Nel frattempo, si vive in un paradosso: si chiede ai giovani di essere autonomi, di “farsi una vita”, di costruirsi un futuro, ma lo Stato e il sistema previdenziale non offrono strumenti concreti per farlo. Le riforme pensionistiche degli ultimi decenni hanno progressivamente allungato l’età pensionabile e legato l’assegno contributivo all’effettiva quantità di contributi versati. Peccato che molti non riescano a versarne abbastanza. E così la domanda nasce spontanea: se lavoro precario vuol dire pensione precaria, quale sarà l’epilogo per questa generazione?

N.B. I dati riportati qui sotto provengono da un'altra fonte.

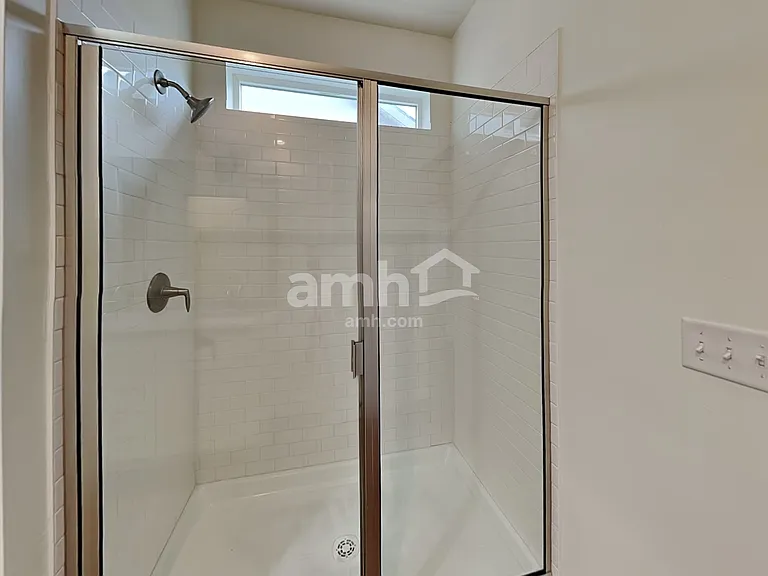 245 E Sicily Dr — Photo 14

C’è chi risponde con l’ironia, chi con la rassegnazione. “Tanto non ci arriveremo mai”, dicono in molti, come se la vecchiaia fosse un’ipotesi remota. Ma dietro l’ironia si nasconde una realtà amara: questa generazione rischia di invecchiare senza tutele, senza sicurezza economica, con un welfare sempre più fragile e con una società che – spesso – sembra voltarsi dall’altra parte. La verità è che non basta dire ai giovani di pensare al futuro se poi si toglie loro ogni possibilità di costruirlo. E forse è arrivato il momento di mettere al centro del dibattito pubblico non solo le pensioni di oggi, ma le pensioni di domani. Quelle dei trentenni di oggi. Quelle di chi, tra precariato e inflazione, sta già pagando un prezzo altissimo per poter solo immaginare un futuro dignitoso.